We have a multitenant transactional SAAS application. I am busy building a prototype implementation for ElasticSeach. The idea is to index our transactional data then use it for fast search and analytical aggregations. The current transactional collection has 10m+ documents (500 GB+). Each tenant has a uniqueId and searches/aggregations will mostly be filtered by this id (there are some internal reporting which will be done across all tenants, but this is not the main focus of the solution).
Our system allows tenants to create custom properties. These properties are essential to each tenant and used in reporting and searching. These properties should be isolated per tenant. The custom properties should be part of the mapping as I use the mapping to dynamically present the available filter fields during runtime.
- Option A
This is the current way I am doing it.
I have a single large index, containing all transactions for all tenants.
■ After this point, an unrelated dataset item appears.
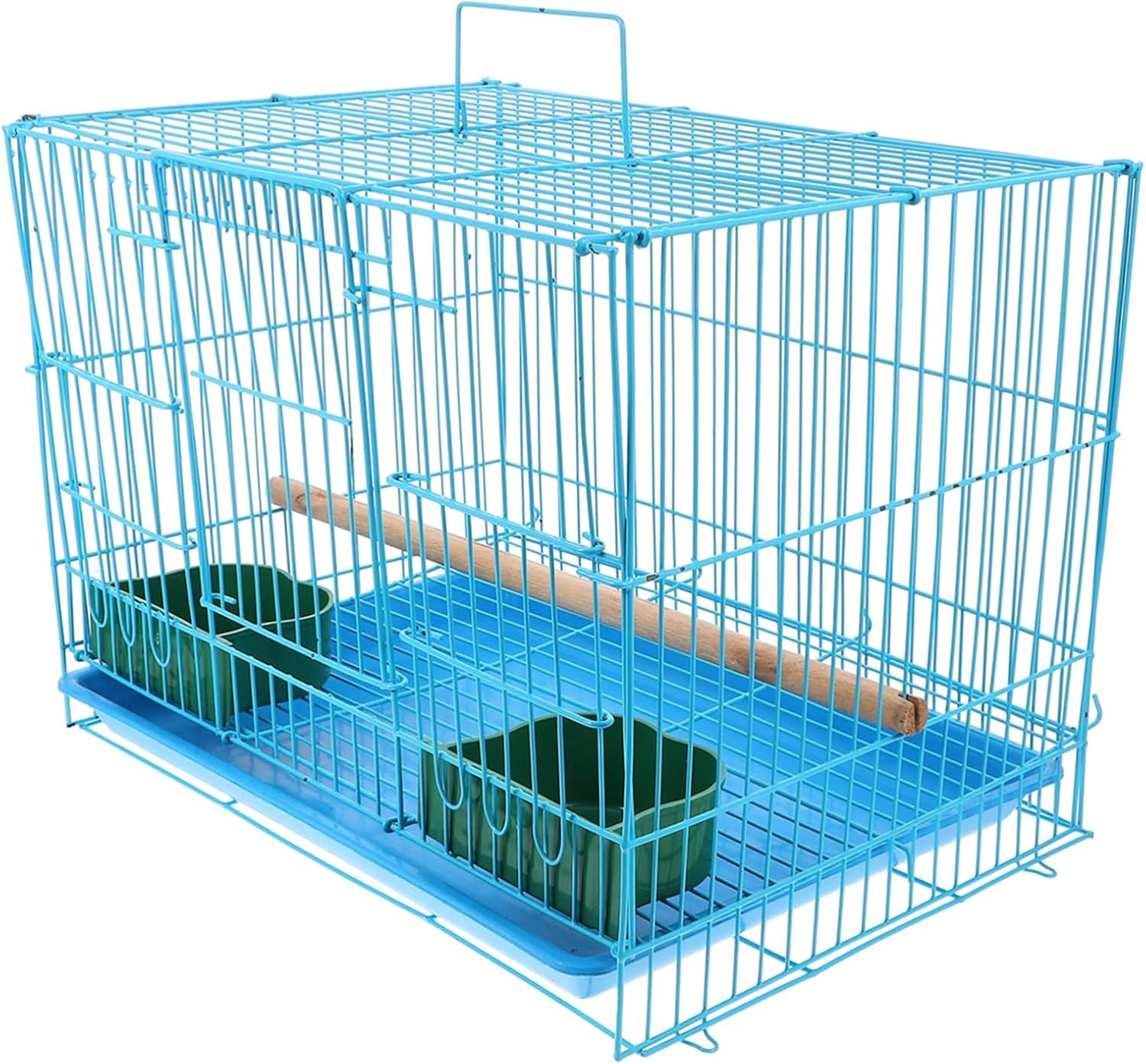 FONDOTIN Portable Bird Cage with Toilet Tray Small Animal Carrier for Parrots and Lovebirds Easy to Clean and Travel-Friendly Design Pet Supply Accessory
During runtime I add the uniqueId as a filter when searching. At index time, I flatten the custom properties and add the uniqueId as a sub object, so the fields are indexed like “CustomPropertyName.UniqueCustomerId.CustomPropertyValue”, this way I can supply the uniqueId and ‘build’ the search field during runtime and the field is in the mapping as required. I read in https://www.elastic.co/blog/index-vs-type that a single large index is more efficient than smaller indexes, but as this article is quite old, I am not sure if this is relevant any longer.
- Option B
I create separate indexes for each tenant, this way I don’t need to map the customerId as a sub object and it will still be isolated.
The question I have, is searching/aggregating on a smaller index more efficient/quicker than a single large index. Is there a better way to deal with the custom properties? I have read a few forum posts on this topic, but none seem to answer the question.
Very much appreciate your time.